--- TASK MATERIAL ---
::::

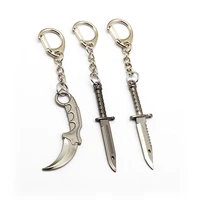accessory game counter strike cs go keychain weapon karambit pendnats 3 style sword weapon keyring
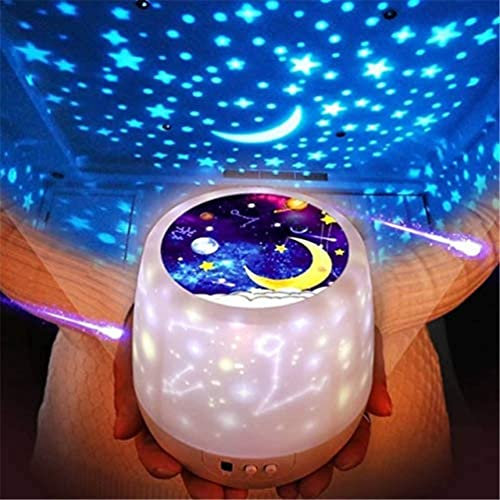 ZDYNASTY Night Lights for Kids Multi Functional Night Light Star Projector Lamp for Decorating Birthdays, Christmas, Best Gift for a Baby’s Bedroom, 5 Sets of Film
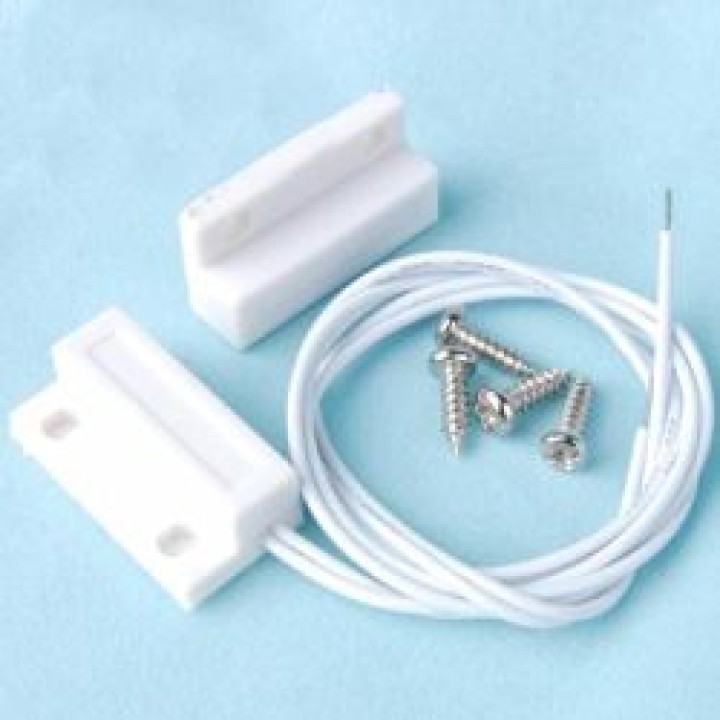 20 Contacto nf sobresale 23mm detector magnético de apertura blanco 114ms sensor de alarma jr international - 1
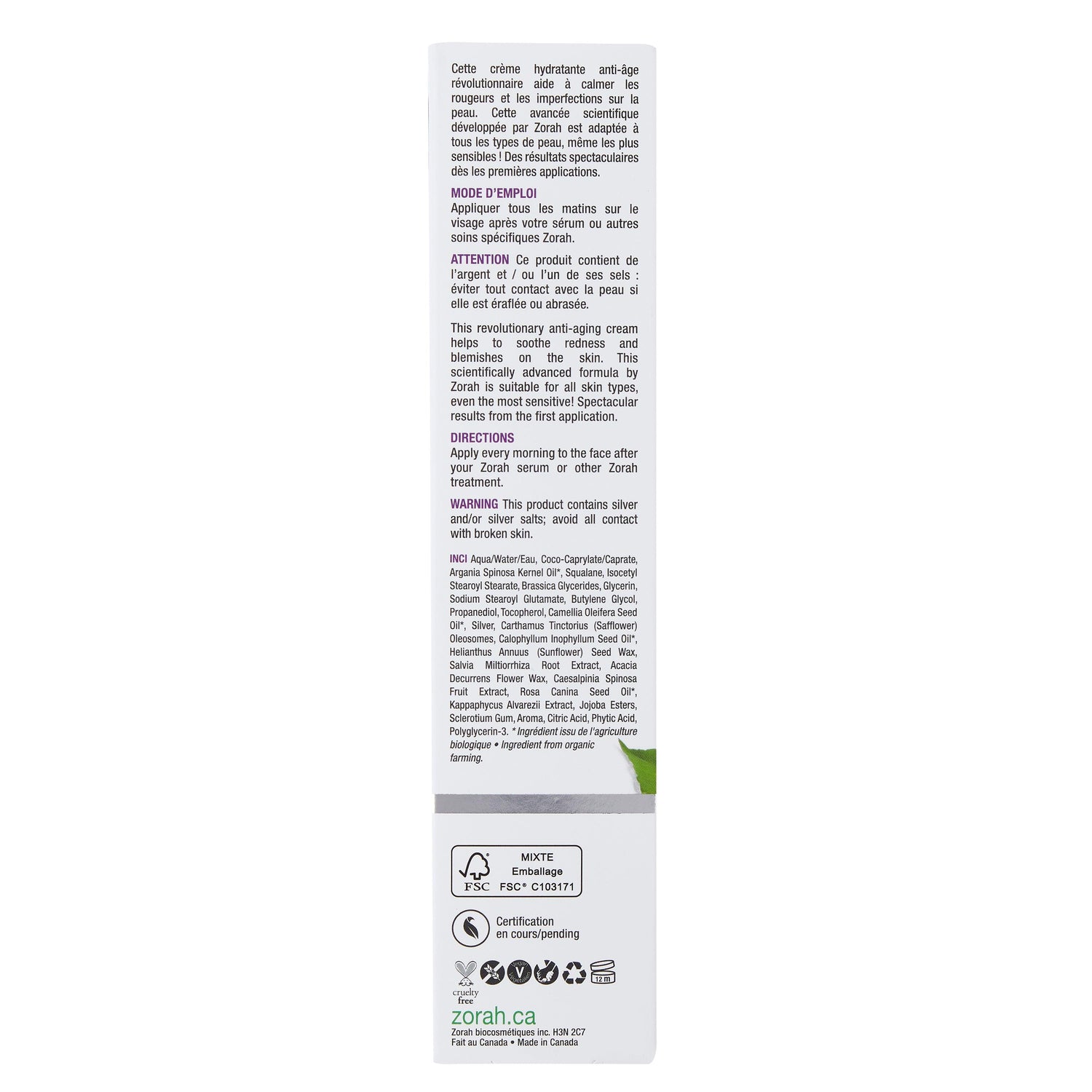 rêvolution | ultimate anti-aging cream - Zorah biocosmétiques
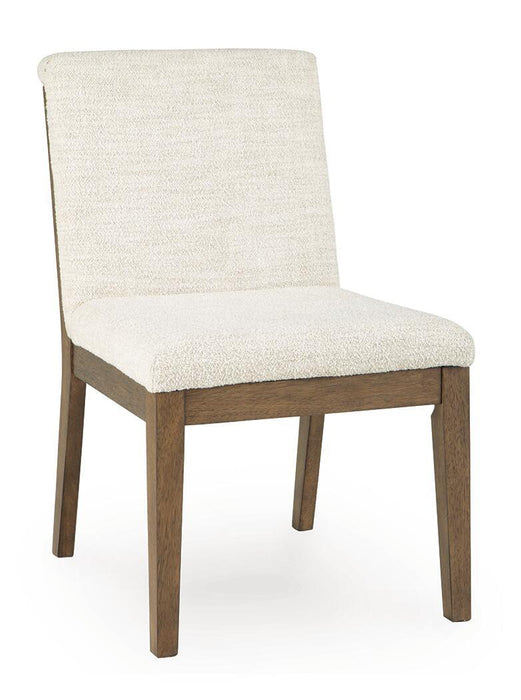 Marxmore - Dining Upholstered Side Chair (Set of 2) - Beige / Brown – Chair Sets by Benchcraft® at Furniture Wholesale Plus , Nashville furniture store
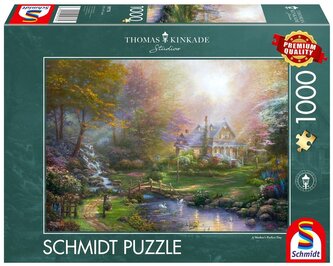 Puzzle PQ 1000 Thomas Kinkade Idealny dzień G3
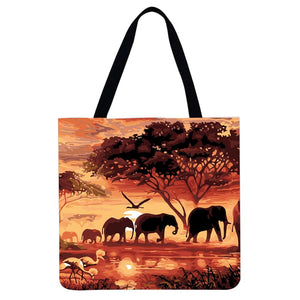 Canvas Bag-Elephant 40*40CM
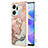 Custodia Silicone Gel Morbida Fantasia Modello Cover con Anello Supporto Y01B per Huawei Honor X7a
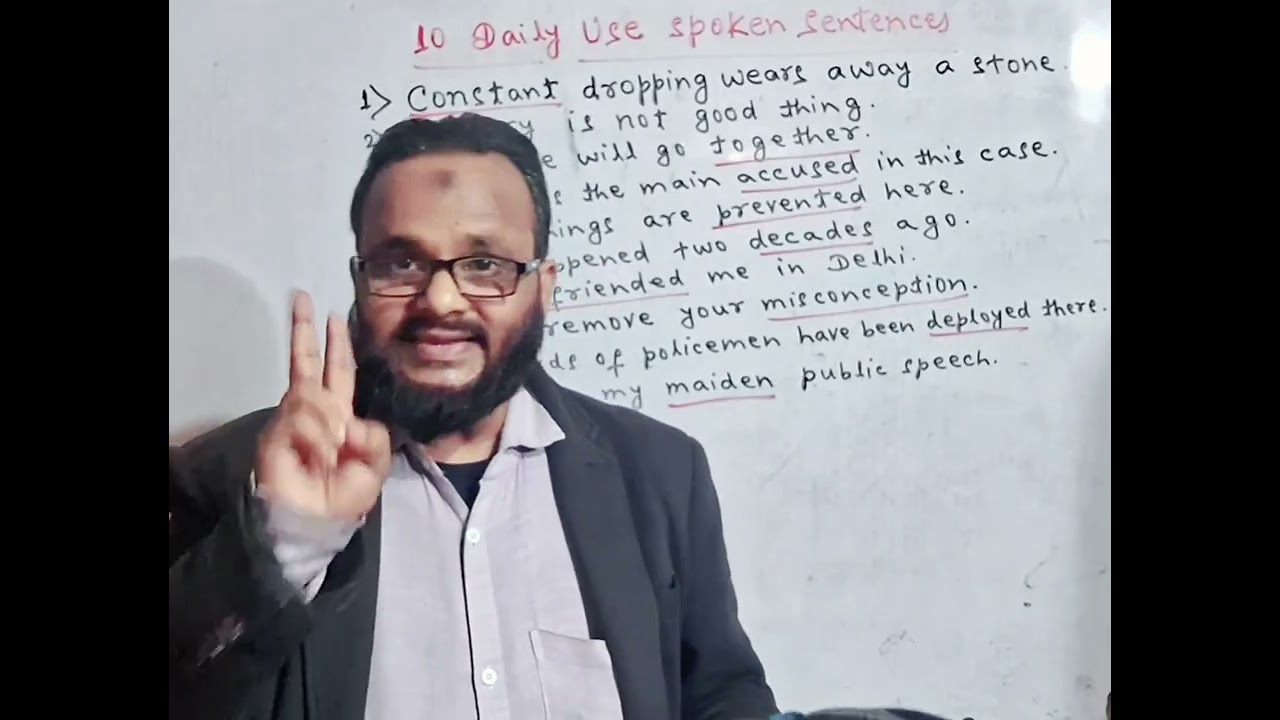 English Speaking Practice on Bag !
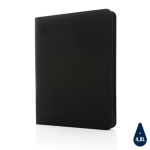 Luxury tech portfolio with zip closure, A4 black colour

::::

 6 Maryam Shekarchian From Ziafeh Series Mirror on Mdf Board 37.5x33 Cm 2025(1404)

::::

--- EXERCISE DIRECTIONS ---
From the records above, quote word for word only the lines beginning at the line that has "accessory game counter" and stopping after the line that has "20 Contacto nf". Omit the pictures.

--- REPLY ---
accessory game counter strike cs go keychain weapon karambit pendnats 3 style sword weapon keyring
 ZDYNASTY Night Lights for Kids Multi Functional Night Light Star Projector Lamp for Decorating Birthdays, Christmas, Best Gift for a Baby’s Bedroom, 5 Sets of Film
 20 Contacto nf sobresale 23mm detector magnético de apertura blanco 114ms sensor de alarma jr international - 1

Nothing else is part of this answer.